■ Given information
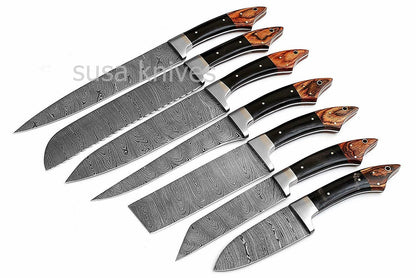 Professional Kitchen Knives Custom Made Hand Crafted Damascus Steel 7Pcs. SET - SUSA KNIVES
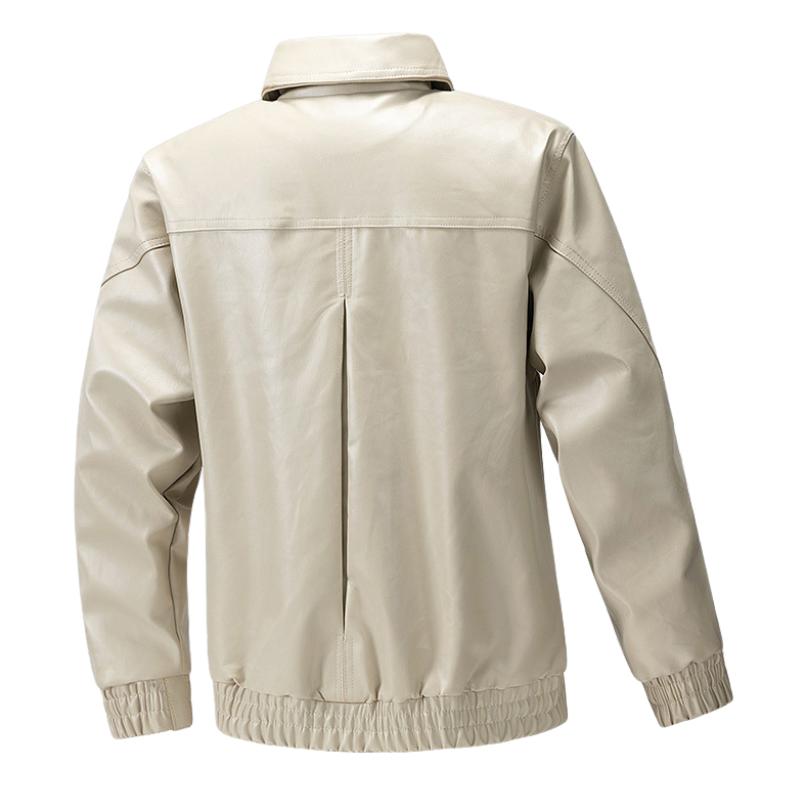 Chaqueta clásica informal de cuero con solapa para hombre 19775422F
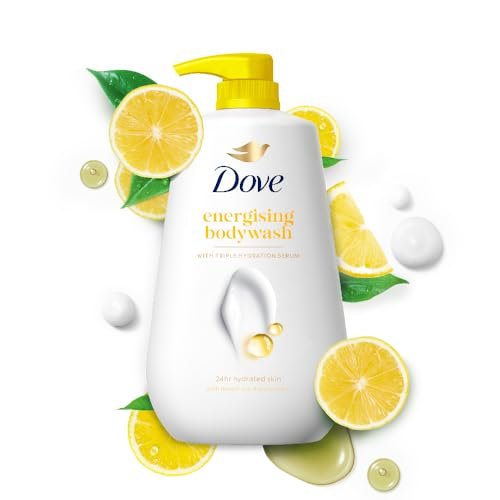 Dove Energising Body wash with energising lemon scent and nourishing Vitamin C, 100% gentle and paraben free/sulphate free cleansers, 100% plant- based moisturisers, 800ml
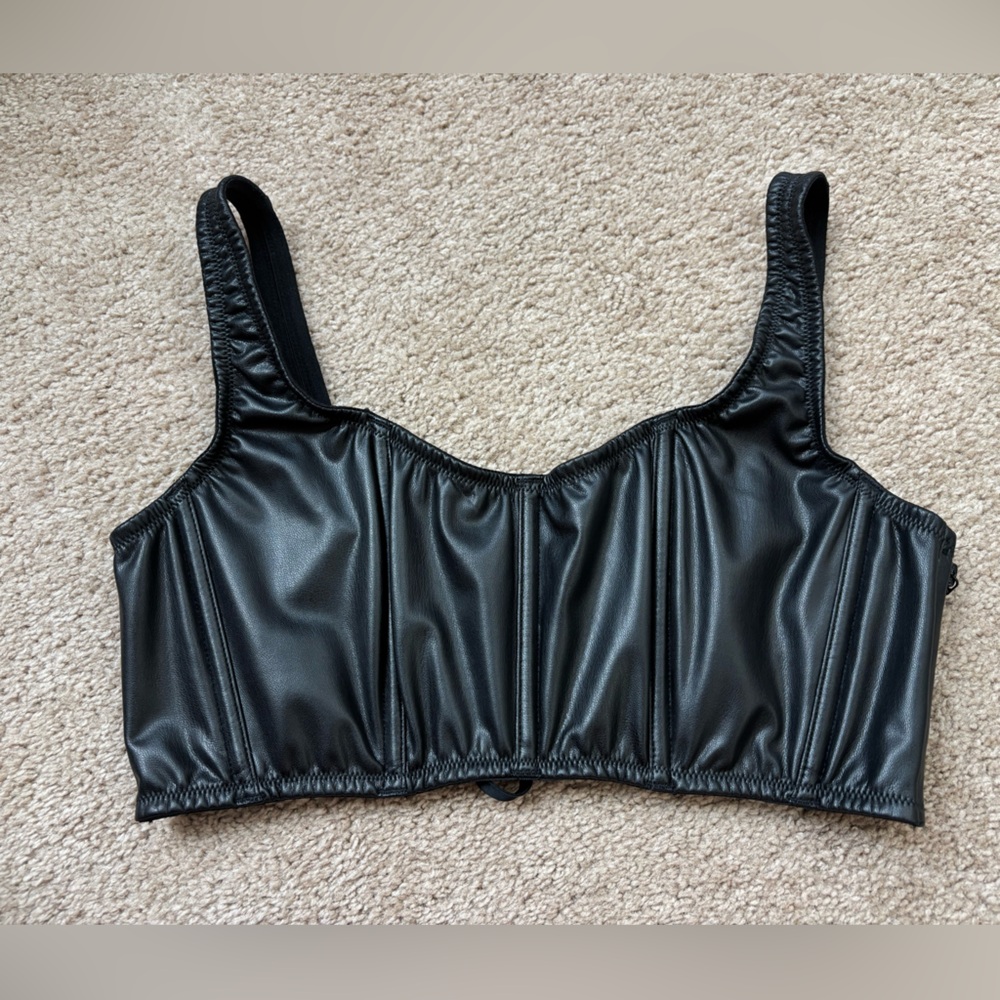 Victoria's Secret Faux Leather Mini Corset Top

■ Task goal
The expected output is the whole listing, word for word, minus its pictures.

■ Answer to the problem
 Professional Kitchen Knives Custom Made Hand Crafted Damascus Steel 7Pcs. SET - SUSA KNIVES
 Chaqueta clásica informal de cuero con solapa para hombre 19775422F
 Dove Energising Body wash with energising lemon scent and nourishing Vitamin C, 100% gentle and paraben free/sulphate free cleansers, 100% plant- based moisturisers, 800ml
 Victoria's Secret Faux Leather Mini Corset Top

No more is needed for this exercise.